Heureusement, l’institution permet, en son sein, la mise en place de dispositifs pédagogiques qui offrent à ces jeunes ce type d’expérience en même temps que le retour affectif et réflexif que permet un cours de philosophie cadré. Seulement la possibilité de cette soumission, en utilisant les leviers institutionnels et pédagogiques,et de la transformation des élèves, sans menace ni contrainte, en « de simples exécutants » [20] ne peut pas être glissée sous le tapis. Ni aux yeux de l’Institution, ni à ceux des élèves. Voulons-nous alors continuer à les conforter dans leur naïveté enfantine sous prétexte de les protéger, en maintenant coûte que coûte une « bonne distance » entre eux et la réalité du mal ? Assumons-nous de les laisser découvrir par eux-mêmes leur incapacité à sortir de l’emprise de ceux qui en font ou en feront des agents d’exécution de leur volonté ? Comme le faisait remarquer une collègue ayant assisté à une de nos animations sur ce sujet : « l'expérience est possiblement désagréable, mais l'est-elle surtout pour nous qui en mesurons toute la portée ou pour les élèves ? Et, si elle l'est pour certains élèves, cela suffit-il à justifier de ne plus la faire ? Il est sans doute bien plus désagréable de découvrir directement en situation réelle que l'on n'a pas su dire non » [21]. Il est selon nous de la responsabilité non seulement des parents et des enseignants, mais aussi de l’Institution en général, de leur apprendre à « marcher tout seul » [22], maintenant qu’ils vont quitter le système scolaire et que nous ne serons plus là demain pour leur donner la main. En terminale l’heure a donc sonné de commencer à enlever certains filtres. Au contraire, E. Chirouter semblerait vouloir filtrer la réalité jusqu’au bout à travers la réaffirmation de son idée, par ailleurs pertinente pour le monde de l’enfance, des « paravents du personnage » de littérature qui mettent à « bonne distance » l’enfant face à la cruauté de la réalité [23]. Mais qu’on nous dise alors où est le bout et que l’on précise les limites de l’adjectif « bonne ».
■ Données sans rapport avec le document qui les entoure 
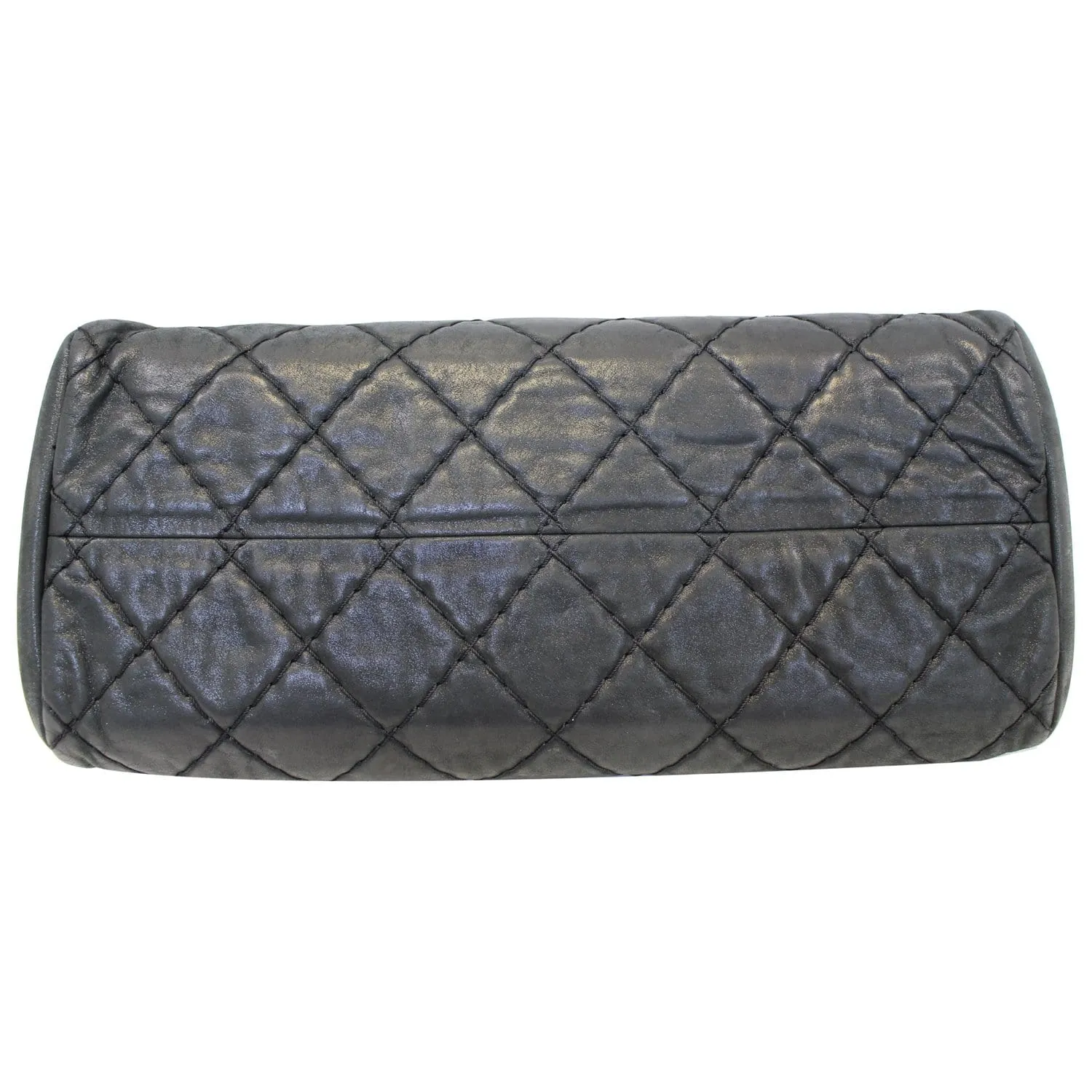 CHANEL Just Mademoiselle Calfskin Leather Bowling Bag Black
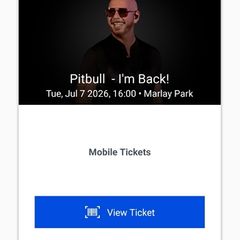 Two Pitbull front standing tickets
D’ailleurs, pourquoi condamner d’un côté avec les plus grands ce qu’on encourage avec les petits ? En effet, que faisons-nous lorsque nous lisons à nos enfants Les trois petits cochons ? Dans de nombreuses versions, les deux premiers cochons se font bien dévorer et lorsque nous surjouons le loup avec nos propres petits enfants, les voyons-nous rire ou même sourire ? Ils tremblent par identification et vivent des situations de tensions très fortes. C’est pourquoi nous prenons soin d’accompagner l’enfant jusqu’à la fin de l’histoire et qu’après avoir éteint la lumière nous lui tenons encore la main quelques instants. N’est-ce pas alors ce que la séance propose : après la mise en situation, la tension redescend avec la révélation de la supercherie, les élèves sont écoutés, accompagnés, interrogés et guidés jusqu’à, et au-delà de, la sortie de crise. Si la lecture fait vivre des situations terribles (abandon, abus, humiliation, disparition d’un proche et autres périls), devons-nous alors arrêter de lire les contes pour enfants ? Ceux-ci mettent systématiquement en scène ce que Marcel Conche appelait « le mal absolu » c’est-à-dire, en référence à Thomas d’Aquin, « injustifiable de quelque point de vue qu’on se place » : le mal fait aux enfants.
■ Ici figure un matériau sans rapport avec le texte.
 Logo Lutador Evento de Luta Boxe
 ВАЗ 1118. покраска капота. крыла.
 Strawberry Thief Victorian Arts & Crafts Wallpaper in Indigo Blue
Face à cette tentative de justification du dispositif (en off de la communication), E. Chirouter faisait délicatement remarquer, en réponse, que cet argument du conte se retournait contre lui-même : oui avec la lecture des contes les petits enfants vivent des choses terribles ; oui certains peut-être les revivent en mémoire ; oui ils s’identifient à celui qui est en danger, à celui qui souffre ou qui meurt. Mais précisément, ils s’identifient. Et qui dit identification affirme la non identité. Et donc la distanciation. Or le processus d’identification protège, tout en ayant son efficacité. Ce qui est effectivement convaincant.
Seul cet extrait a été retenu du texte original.